Supreme Court asked to review Jefferson County bankruptcy ruling
The U.S. Supreme Court has been asked to review the ruling that could end Jefferson County, Alabama’s long-running bankruptcy appeal.
Attorney Calvin Grigsby said Tuesday that he’d filed for a writ of certiorari seeking to have the Supreme Court review the August appellate decision that ended his clients’ appeal of the county’s bankruptcy case.
Grigsby, in a 59-page petition, asks the Supreme Court to consider several questions, including whether the “doctrine of equitable mootness” should bar his clients’ appeal of the county’s plan of adjustment because it alleges that the plan violates the 10th amendment, which reserves municipal utility ratemaking to the states and local governments.
Grigsby, a former broker-dealer who is representing a group of ratepayers on the county’s sewer system, has said numerous times in court filings that his clients participated in the bankruptcy case but were never given an opportunity to have a hearing on the merits of their claims.
Getting the justices to consider the petition might be difficult, said bankruptcy attorney John Whitlock, who is of counsel with Locke Lord LLP. The firm is not involved in the case.
“It is always difficult to predict whether the Supreme Court will grant certiorari in a particular case, but the odds are against it not only because certiorari is granted for only a very only a small number of petitions but also because overturning a plan this many years after it was consummated would clearly affect many settled financial interests,” Whitlock said.
Jefferson County Commission President Jimmie Stephens said he expects the county to prevail if the Supreme Court agrees to review the lower court decision.
"This battle should cease and allow the county to move forward," he said. "The plan of adjustment is right on track just as the credit rating of the warrants affirms."
In December, S&P Global Ratings raised its rating to BBB-plus from BBB on the county's 2013 senior-lien sewer revenue warrants and raised the rating to BBB from BBB-minus on the 2013 subordinate-lien warrants. S&P said the upgrades reflect an established trend of rate increases, resulting in positive operating margins.
Fitch Ratings assigns its BB-plus rating to the senior lien warrants and BB to the subordinate warrants.
On Aug 16, the United States Court of Appeals for the Eleventh Circuit issued an opinion agreeing with the county’s contention that the doctrine of equitable mootness barred the ratepayers’ appeal from the bankruptcy court because it would “seriously undermine actions taken in reliance on the confirmation order.”
U.S. Bankruptcy Judge Thomas Bennett confirmed the plan on Nov. 22, 2013.

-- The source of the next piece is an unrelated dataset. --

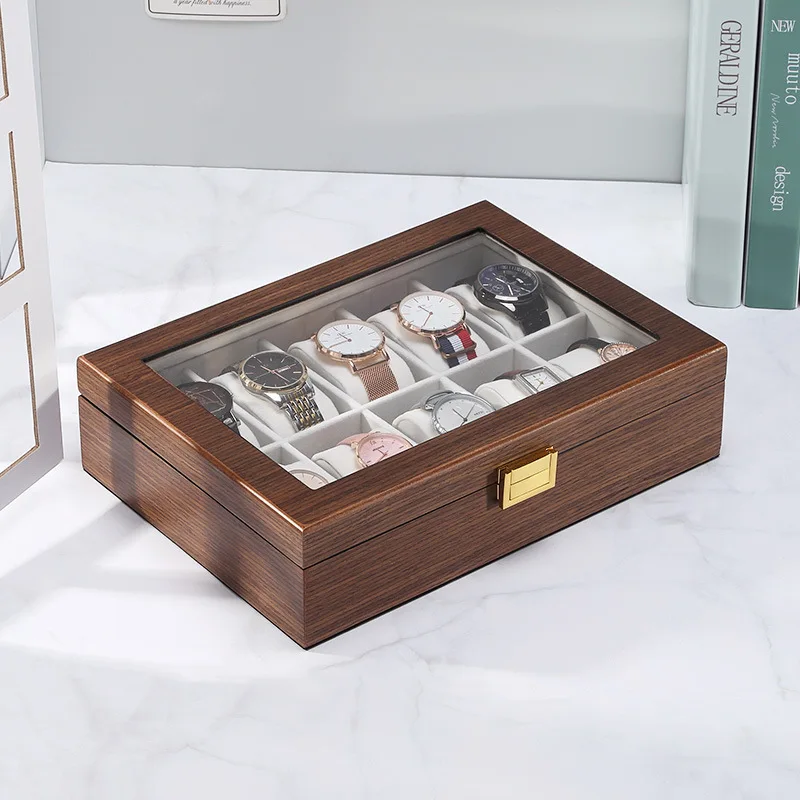 Simple window home display ten pack high-grade gift storage custom luxury watch box logo wood packaging box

Relying on the order in December 2013, the county proceeded to close on $1.8 billion of new, 40-year sewer warrants sold in the bond market to write down $3.2 billion of old sewer debt, resulting in an overall 40% haircut to bondholders.
The appellate ruling concurred with Jefferson County’s contention that the appeal was mooted when the sale of the new sewer warrants closed, and that unwinding the deal would inequitably affect those who purchased the sewer warrants in reliance of the plan’s confirmation.

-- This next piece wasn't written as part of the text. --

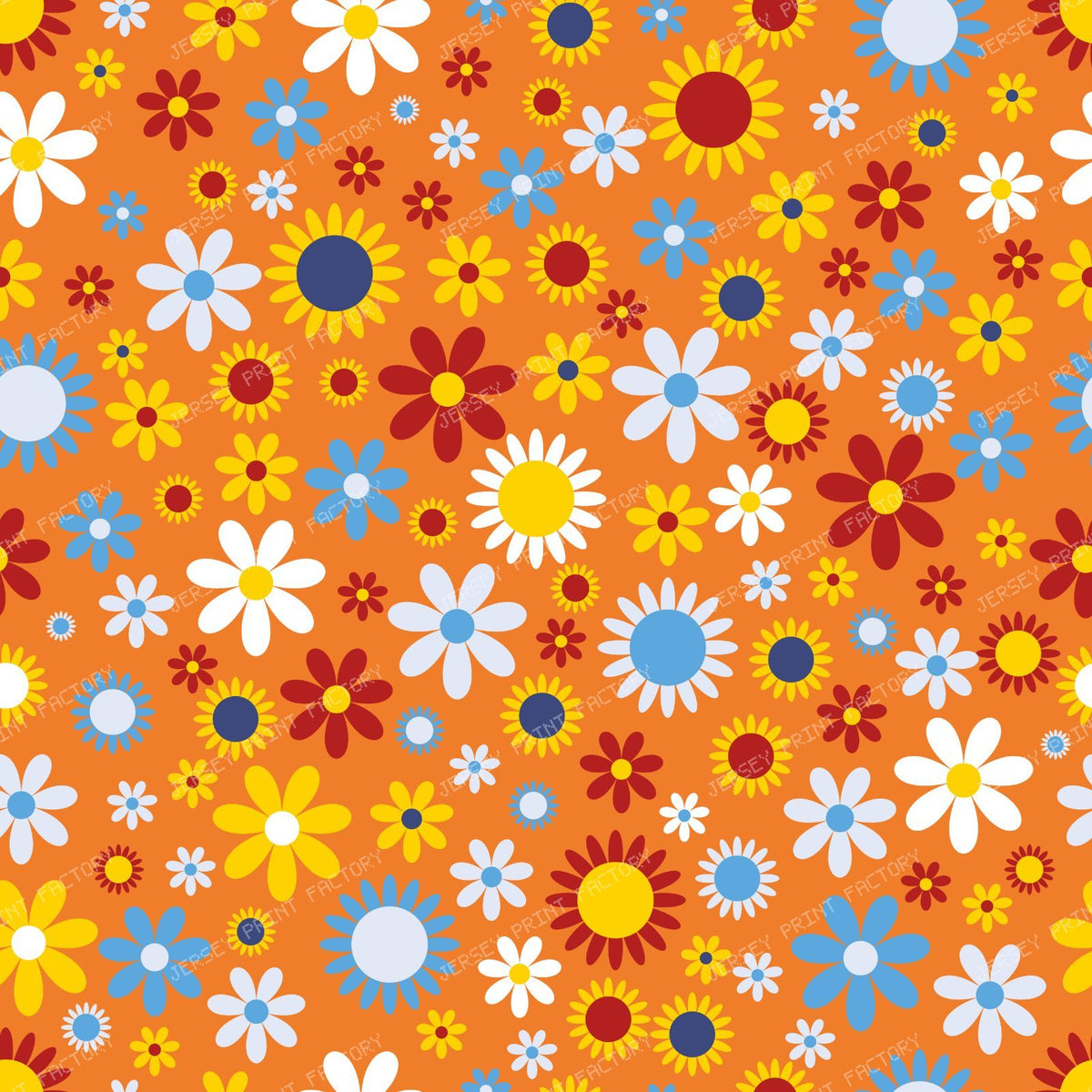 Colorful Flowers, Retro Flowers, Floral Pattern — Colorful 5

The appeals court was also critical of Grigsby’s clients because they failed to seek a stay in order to delay implementation of the plan, which would have prevented issuance of the warrants.
Grigsby’s petition said timing issues made it difficult if not impossible to file for a stay before the refinancing took place because the bankruptcy court waived a 14-day automatic stay required by the bankruptcy code “to take away any ability of the petitioners to request a stay.”
Whitlock said the core of the appeal is a provision in the confirmation plan that allows the bankruptcy court to retain jurisdiction over the plan while the 40-year warrants are outstanding. That provision allows bondholders to seek recourse in the court if county commissioners fail to impose sewer rate charges that support the debt.
“The ratepayers have other avenues of redress if there is ever a decision by the bankruptcy court that adversely affects their interests, including the appeal of any actual decision,” he said. “I realize that the appellants want to preserve all arguments to protect ratepayers, including the argument that the bankruptcy court would be exceeding its jurisdiction if it ever did decide some case involving rates, but as of today, the issue is only hypothetical.”
With each passing month, Whitlock said the equities of Jefferson County’s case “become less and less for the Supreme Court to grant extraordinary relief.”
The appellate court on Oct. 31 denied Grigsby’s request for a rehearing, which led him to petition the Supreme Court.